Knowing what you're looking at is the most important thing, but a sharp focus can help you get there. Defining, organizing, prioritizing and understanding alerts and alarms is one of the most critical jobs in process control. However, perhaps because so many applications are isolated, inadequate and dangerous alarm practices can persist for years. Sometimes it's too few useful alarms, but more often it's floods of duplicate and unnecessary alerts that were thrown in for compliance and convenience's sake rather than ensuring safe operations.
The solution begins with an inventory of processes and alerts, but it continues with assessing and prioritizing alarms, incorporating more helpful database software and HMIs, and training staff to follow these improved procedures.
For instance, Vale's Copper Cliff nickel smelter in Sundbury, Ontario, runs two flash furnaces, which take in 4200 tonnes of dry solid charge (DSC) ore powder per day, and flash-smelt it into nickel matte product, sulphur gas for fuel and iron slag. However, several years ago, engineers in Vale's Ontario division started an alarm rationalization project because the two furnaces were generating more than 17,000 alarms per day on average, most of which weren't understandable to the operators, and which didn't lead to useful action.

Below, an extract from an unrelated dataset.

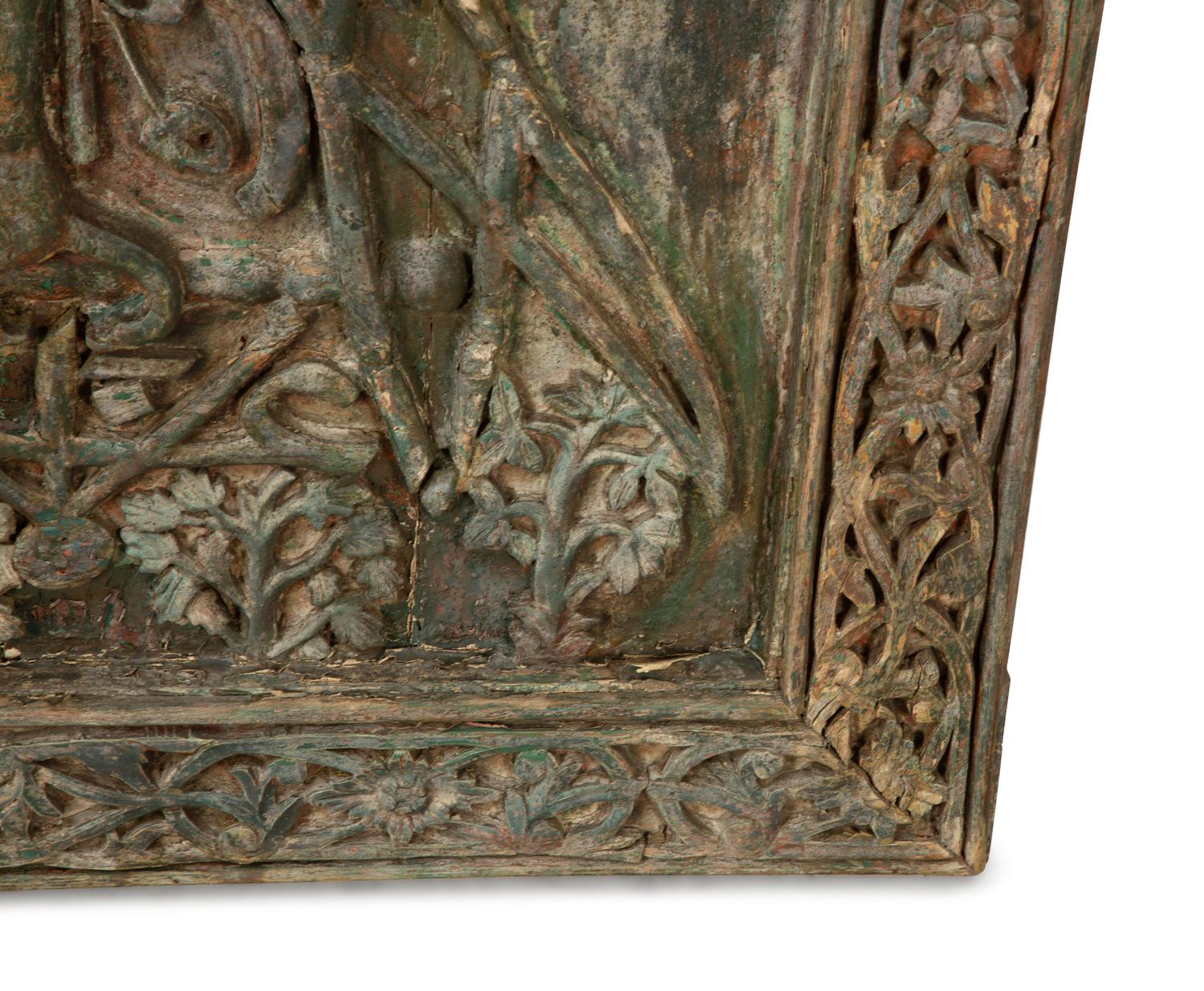 An Islamic Carved and Painted Wood Panel — 19th/20th Century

"Previous rationalization projects tried to reduce alarms, but always ended up adding more," says Gerry Seguin, Vale Ontario's senior automation specialist. "Then a consultant from the Engineering Equipment Materials Users Association came in for a seminar; gave a report on consequences that really hit home; and showed the alarms weren't the operators' faults because they hadn't been given the tools for their job. After that, we were able to get financing, resources and people, including bringing back two pensioned operators full-time to go over all alarm interactions."
So Vale Ontario implemented EEMUA's Publication 191, "Alarm Systems--A Guide to Design, Management and Procurement," and ISA's ISA 18 alarm management standard; evaluated and reduced alarm system loading on the two flash furnaces, and redesigned its alarm systems to assist operators. Vale also partnered with Invensys, and adopted its PAS Alarm Management Software database, which works with its existing Foxboro I/A Series process control software to download approved alarms to the application's field controllers.
As a result, alarms on Copper Cliff's two flash furnaces dropped to a daily average of just 66, which exceeded EEMUA's average alarm rate benchmark for steady operation. "We also researched to ensure that operators had enough time between alarms and trips to respond effectively," adds Seguin. "Since the initial project in 2007-08, all new alarms go through an alarm manager to make sure they meet the criteria we've laid out, which is like a risk assessment chart that evaluates likelihood, criticality and potential damage, and sets priority levels."
Seguin reports that Copper Cliff is continuing to improve its alarm and HMI philosophy and rationalization process and is applying it to other areas of the smelter, including a new replacement nickel converting unit it will commission this September.
Pull Pointer Out of Panel
Similarly, DTE Energy's Greenwood Energy Center (GWEC) in Avoca, Mich., has been upgrading its DCS from a 1990s-era Westinghouse Distributed Processing Facility (WDPF) system and lightbox displays to ABB's Process Portal A (PPA) 800xA DCS, but first decided rationalize and reorganize several thousand alarms and related devices and software.
"Previously, many of our DCS alarms weren't rationalized. They were just characterized as high or high worse, and so we had a lot of noise and chattering alarms that were only fixed occasionally," says Kip Dobel, senior engineer in GWEC's Engineering Support Organization. "In fact, operators determined unit status by the different volumes of alarms and not actual alarms. Some also found interesting ways to silence nuisance alarms, such as jamming a pointer in their board. Pages of alarms would scroll by on a unit trip, making it very easy for an important alarm to get lost in all the noise."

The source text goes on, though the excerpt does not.